__ACTIVITY__. Although the records contain pictures, print none of them; print exactly the lines from the one with "Close-up of two" through the last line.

__RECORD EXTRACTS__.
▼
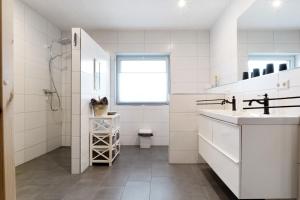 a white bathroom with a sink and a toilet at Speicherhäuschen Maren in Geeste +14 photos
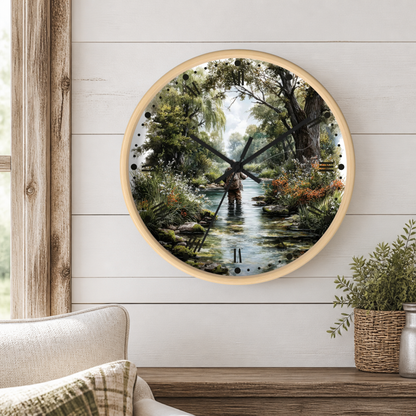 Round wall clock with a light wood frame and a printed scenic dial showing a fly fisherman standing in a creek surrounded by lush green trees and wildflowers. The clock is mounted on a white wood-paneled wall above a wooden shelf with a potted plant and part of a beige armchair visible.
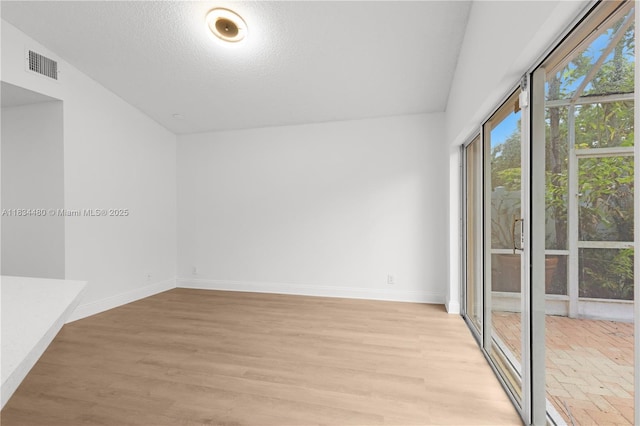 1525 Seabay Rd, Weston, FL 33326 - spare room featuring light wood-style flooring and a textured ceiling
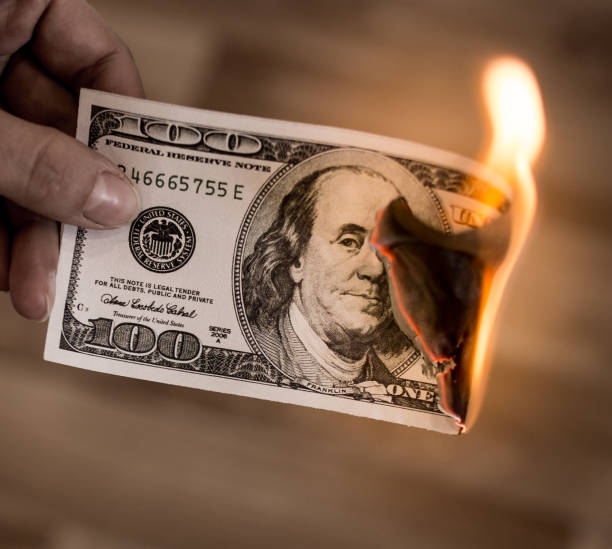 istock one hundred dollars burn in flames in hand 873131050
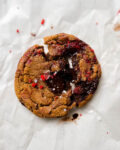 raspberry chocolate chunk cookie on parchment paper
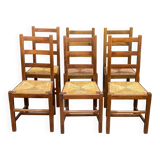 6 light solid wood chairs with high straw backs, farmhouse style.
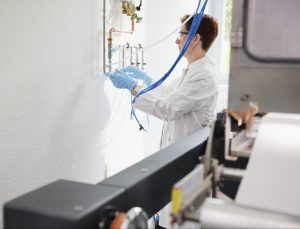 Scientist setting up equipment in a lab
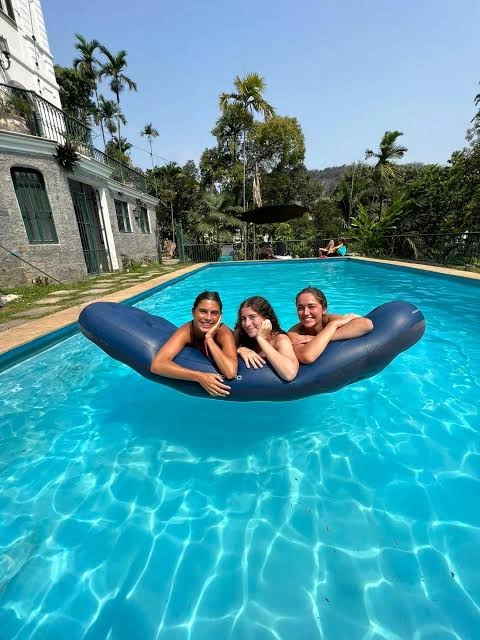 Three travellers smiling together on a pool float at the Castelo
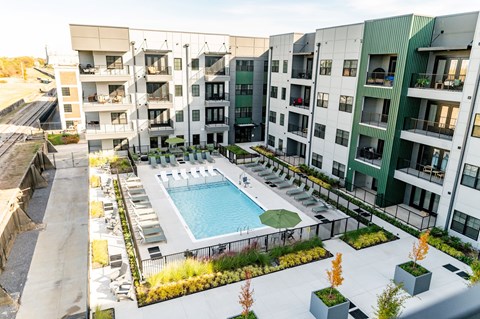 A swimming pool is surrounded by apartment buildings at Harbor Side at Conwood Flats Apartments, Memphis, TN, 38107
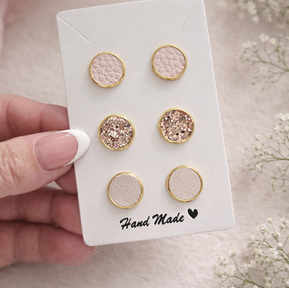 Handmade eco stud earrings in blush and glitter faux leather displayed on a branded card
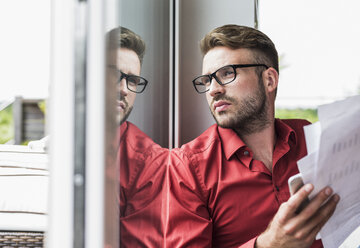 Young man with documents looking out of window - UUF007920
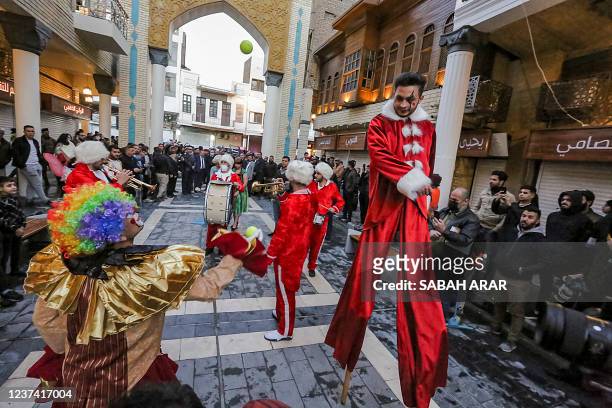 Clowns and musicians perform during the reopening of the renovated al-Mutanabbi street, the historic heart of the book trade and an outlet for...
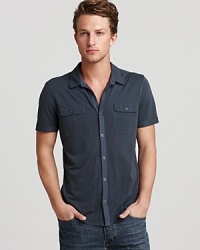 Plush silk is blended with fine pima cotton for a decadent softness in this solid, slim-fitting sport shirt, designed with two chest pockets for even more modern appeal. Plush silk is blended with fine pima cotton for a decadent softness in this solid, slim-fitting sport shirt, designed with two chest pockets for even more modern appeal.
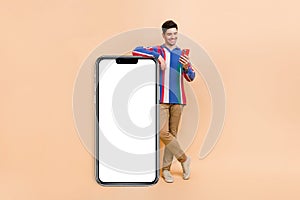 Full length photo of nice guy holding smartphone enjoy spending free time in interesting social medias  on beige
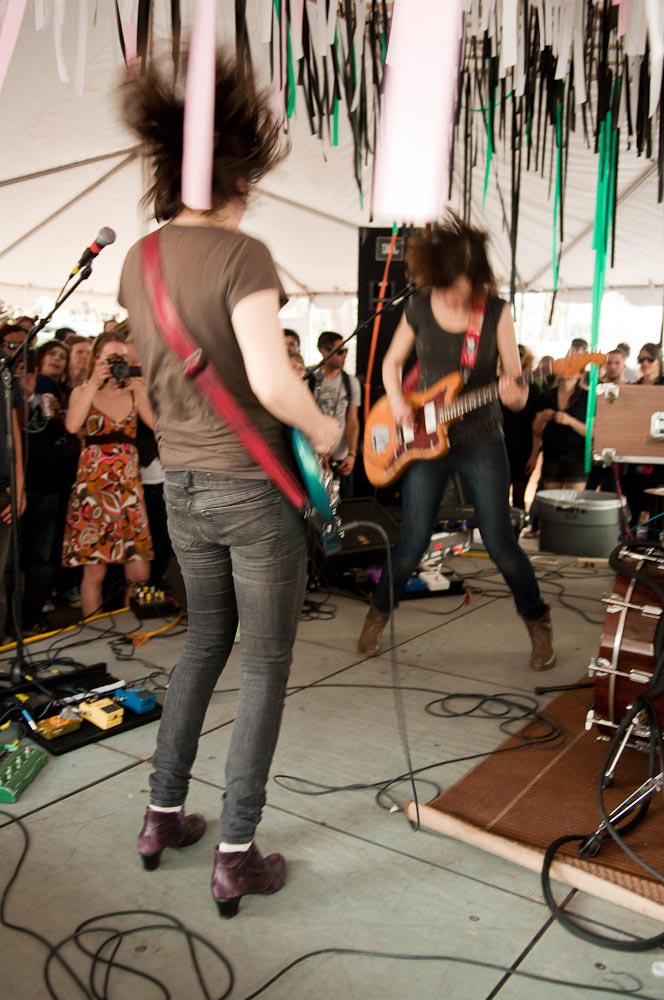 Young fans watch a band of two women play guitar on a stage at a small venue under a large white tent during the day. The image is blurred with the frenetic motion of the bandmates.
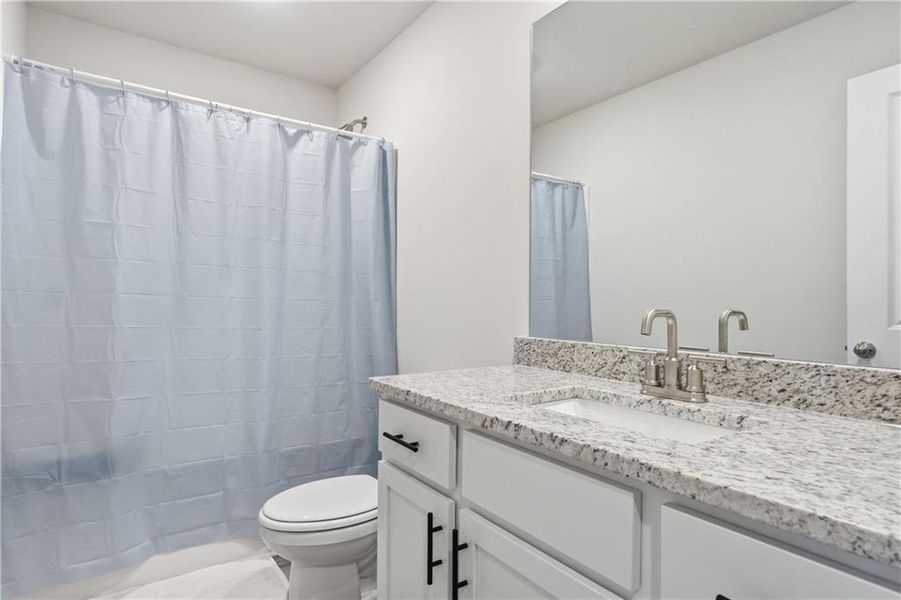 Furnished interior view inside a new home in , Oakwood (Image 16). Furnished interior view inside a new home in , Oakwood (Image 16).
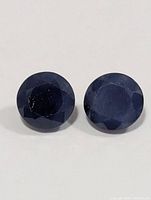 Close-up of two round faceted sapphires showing colour and cut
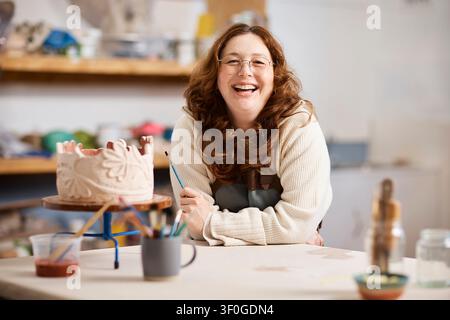Smiling Female Potter In Pottery Studio Portrait - Small Business Owner And Creative Artist Stock Photo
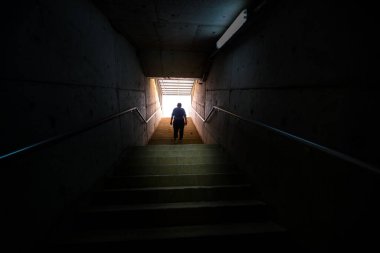 Adam karanlık ortamda merdivenden ışığa doğru yürüyor..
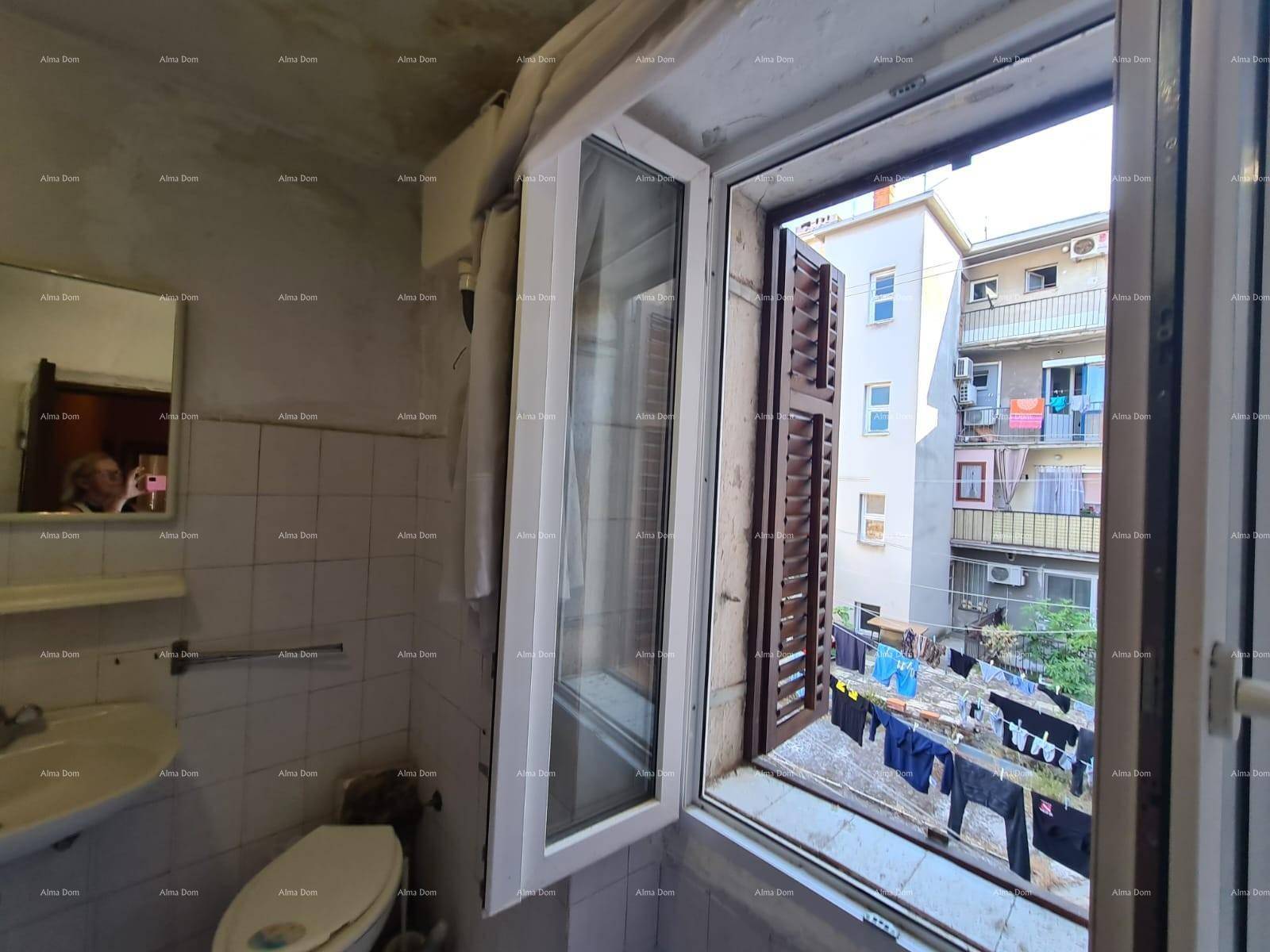 Badezimmer mit weißen Fliesen, Toilette, Waschbecken und einem Fenster mit Blick auf den Innenhof.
▲
__WRITTEN RESPONSE__.
 Close-up of two round faceted sapphires showing colour and cut
Smiling Female Potter In Pottery Studio Portrait - Small Business Owner And Creative Artist Stock Photo
 Adam karanlık ortamda merdivenden ışığa doğru yürüyor..
 Badezimmer mit weißen Fliesen, Toilette, Waschbecken und einem Fenster mit Blick auf den Innenhof.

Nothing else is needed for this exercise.